Governor Charles Soludo of Anambra State and the 2023 presidential candidate of the Labour Party (LP), Peter Obi, have resumed their war of words over
Governor Charles Soludo of Anambra State and the 2023 presidential candidate of the Labour Party (LP), Peter Obi, have resumed their war of words over Obi’s pledge to serve for one term if elected Nigeria’s president in 2027.
On 29 June 2025, Obi declared his intention to contest in the 2027 presidential election in Nigeria.
The LP candidate, who served as governor of Anambra State from 2006 to 2014, pledged to serve for a four-year tenure if elected the country’s president in 2027.
In Nigeria, elected presidents are constitutionally entitled to a four-year tenure and also are also qualified to seek reelection for a second and final term.
In response, Soludo, a member of the All Progressives Grand Alliance, APGA, argued politicians who make such promises are mentally unstable.
The governor spoke on Saturday during a political rally held in Anambra South District in support of his second-term ambition.
Although he did not mention names, Soludo was apparently referring to Obi.
“How can anybody with a brain…You think you are talking to fools. You come to people and say, ‘I’ll do only one term.’
“Anybody, any politician who said that, must be sent to a psychiatric home,” he said.
The Anambra governor argued that, given that the country’s constitution allows for a second term, pledging to serve for one term is strange.
“Tell us where it has ever happened or who. Anybody who is saying this needs a psychiatric examination because you are taking every one of us to be a fool,” he stated.

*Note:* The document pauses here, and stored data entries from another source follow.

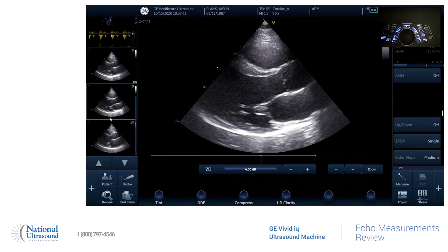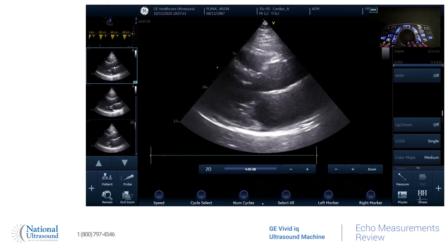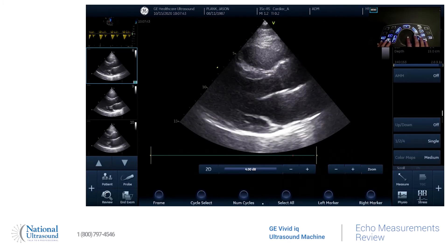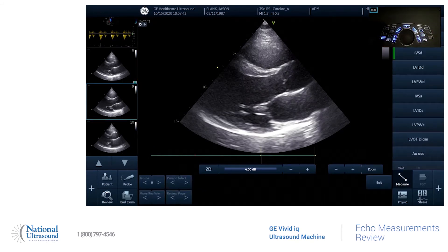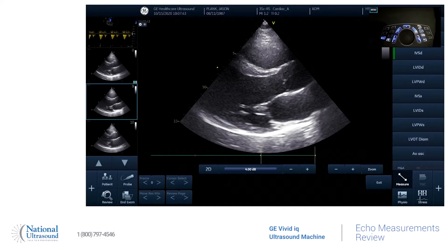So we are going to be doing an echo. I have already saved a couple images in clips. If we are trying to get the LV measurements, we can use the pause button to measure after the fact. Then we're going to go over here to our measure option. There are different folders for all of your different dimensions, velocity measurements, area volume. So we're going to go into dimension.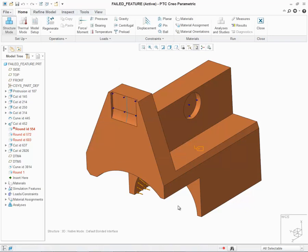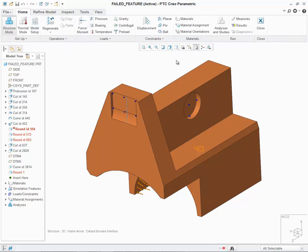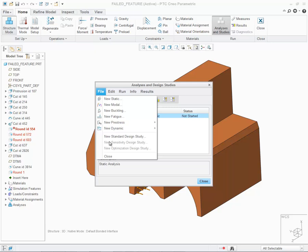Let's click on OK. The failed features are still listed in the model tree. However, users will be able to define many of the traditional simulate features, such as forces, displacements, any of the idealizations, connections, surface or volume regions, etc. As specified, the only real limitation that will happen is when you want to run an analysis or design study. If I click on File, you'll notice that the new sensitivity design studies or optimization design studies are grayed out.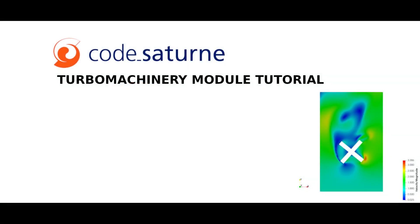Hello and welcome to Code Saturne Turbo Machinery module tutorial. This video will give you a preview of how to set and to compute two CFD cases using integrated Turbo Machinery module.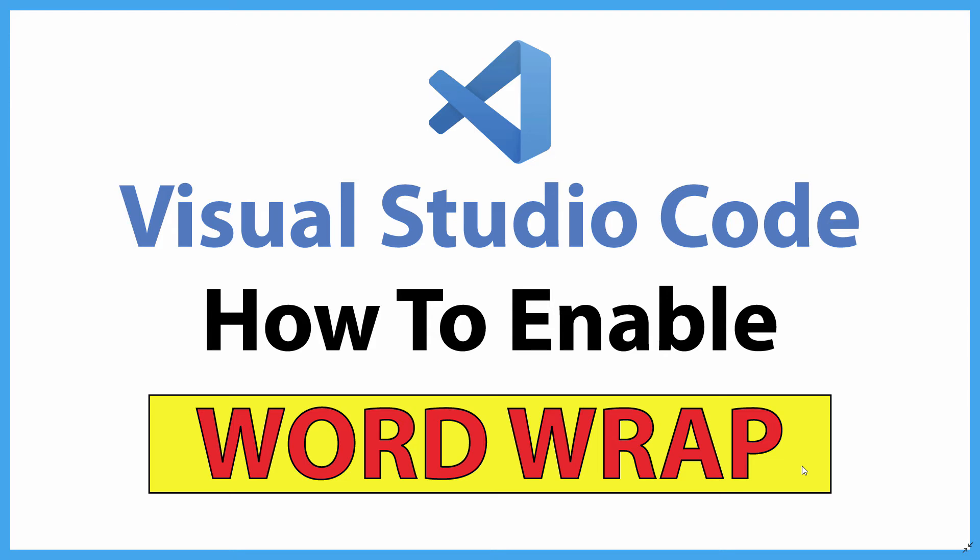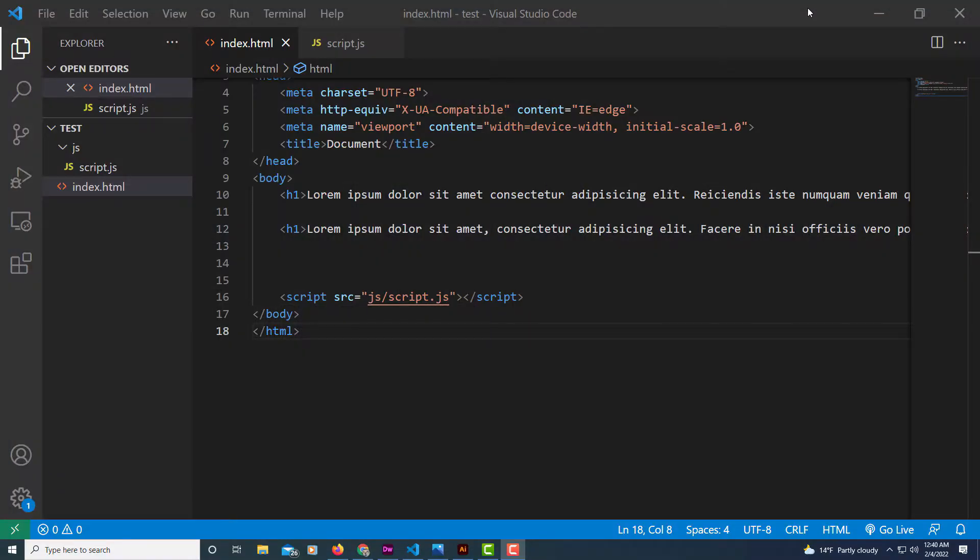This is going to be a video tutorial on how to enable word wrap in VS Code. Let me jump over to VS Code here. Okay, I'm inside of VS Code now.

In a statement posted on his official Facebook page on Sunday, Obi, reaffirmed his vowto serve only one four-year term if elected Nigeria’s president.
The LP candidate, without mentioning names, acknowledged cynicism of some Nigerians including Mr Soludo towards his one term pledge.
“Recently, I became aware of two statements aimed, albeit indirectly, at my vow to serve only a single four-year term. One person remarked that even if I swore by a shrine, I still wouldn’t be believed. Another suggested that anyone talking about doing only one term should undergo psychiatric evaluation,” he said.
Obi said their scepticism was because they were judging him by their own standards – where political promises are made to be broken.
“But they forget, or perhaps choose to ignore, that Peter Obi is not cut from that cloth,” he stated.
Responding to Soludo’s comments, the former governor said: “If making such a (one term in office) promise qualifies me for psychiatric evaluation, then we may as well question the mental fitness of those who framed our constitution, which clearly stipulates a four-year renewable tenure.”
This is not the first time Obi and Soludo would engage in a war of words.
In late 2022, Soludo predicted that Obi would not win the 2023 presidential election, citing lack of political structure and poor voting strength of the South-east, where the LP candidate hails from.
The Anambra governor also claimed the value of investments made by Obi while he was the governor of the state was “worth next to nothing.”
But responding days later, Obi said although investments are bound to go up and down, a company where he made some of the investments as governor was still in business and has provided job opportunities to several residents of the state.
“I have done my little own as a trader, now the professor is there. He will do his own as a professor. The schools I didn’t roof, he will roof them. That’s how government goes,” the LP candidate had added.